Ahora lo puedo aceptar: es mi culpa. No sé cómo, o qué clase de perversa maldición es esta, pero aparentemente, yo soy responsable de destruir todo un apellido.
Es como si el golpe de mi manopla en la cara de Richard hubiera tenido el mismo efecto de una piedra arrojada a un lago, cuya onda viaja mucho más allá del impacto inicial.
Solo que la onda de mi puño no viajó a través de agua, sino de sangre. Atravesando todo el árbol genealógico de Richard, para alcanzar a cada uno de sus familiares.
Y esa onda ha llegado a Laura, una de sus primas segundas. La persona que, al amarme, me cambió para bien, y me dió la oportunidad de ser un mejor hombre.
No quise comentar sino hasta ahora, pero yo conocí a Laura, mi esposa, en ese bautizo. Sin saber que, más de una década después, volveríamos a coincidir en el ámbito profesional y enamorarnos.
Una noche, no hace mucho, bailábamos en casa, y justo cuando iba a darle un beso lo vi.
El minúsculo moretón azúl, de poros negros. Justo debajo de su ojo derecho.
“Tranquilo Manuel” me dijo apenas divisó la ansiedad en mi rostro, y sabiendo la historia de su familia con la extraña lesión. “Creo que es sólo un lunar.”
Pero yo sé que no es así.
Vivo día y noche sumido en una desesperación sin igual, porque el maldito moretón crece, y no sé qué planes tiene para la salud de mi esposa. Ella no se merece esto.
A toda acción corresponde una reacción de igual magnitud, pero en sentido contrario.
Qué gran mentira, porque de ser así la mínima reacción que merezco es morir.

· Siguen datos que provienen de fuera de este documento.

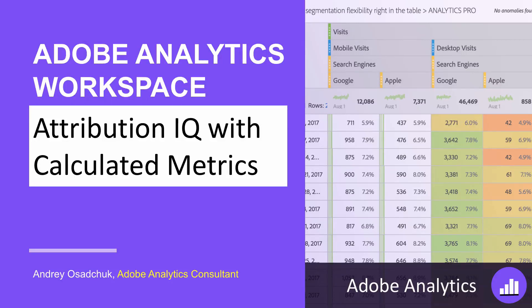Hi, my name is Andrey Osadchuk. I welcome you to another training on Analysis Workspace in Adobe Analytics.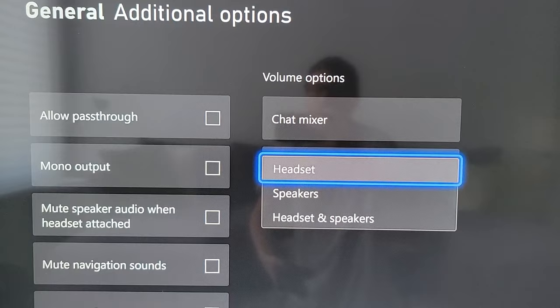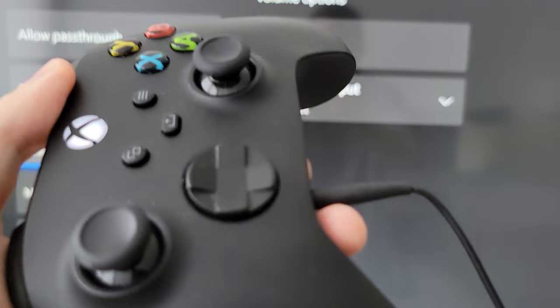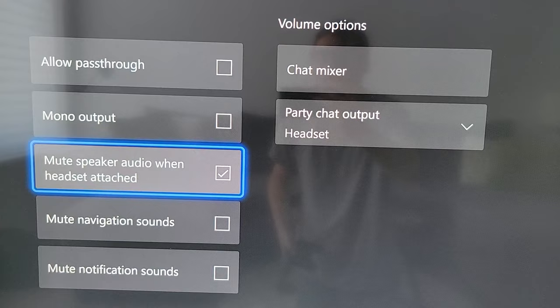Okay, now a couple of things here. Go to Party Chat Output and make sure it's set to Headset. Next, go to Mute Speaker Audio When Headset Attached and check this on. As you can see, my headset is attached, so now I don't hear anything through the TV — only through the headset.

Que mi puño hubiera estallado apenas la manopla hizo contacto con el cachete de Richard, y que cada unas de mis células hubieran sucumbido a un metástasis miserable.
Laura, quien es inocente y lo mejor que me ha pasado en esta vida, no tendría que pagar el precio de las crueldades del hombre que, equivocadamente, escogió querer.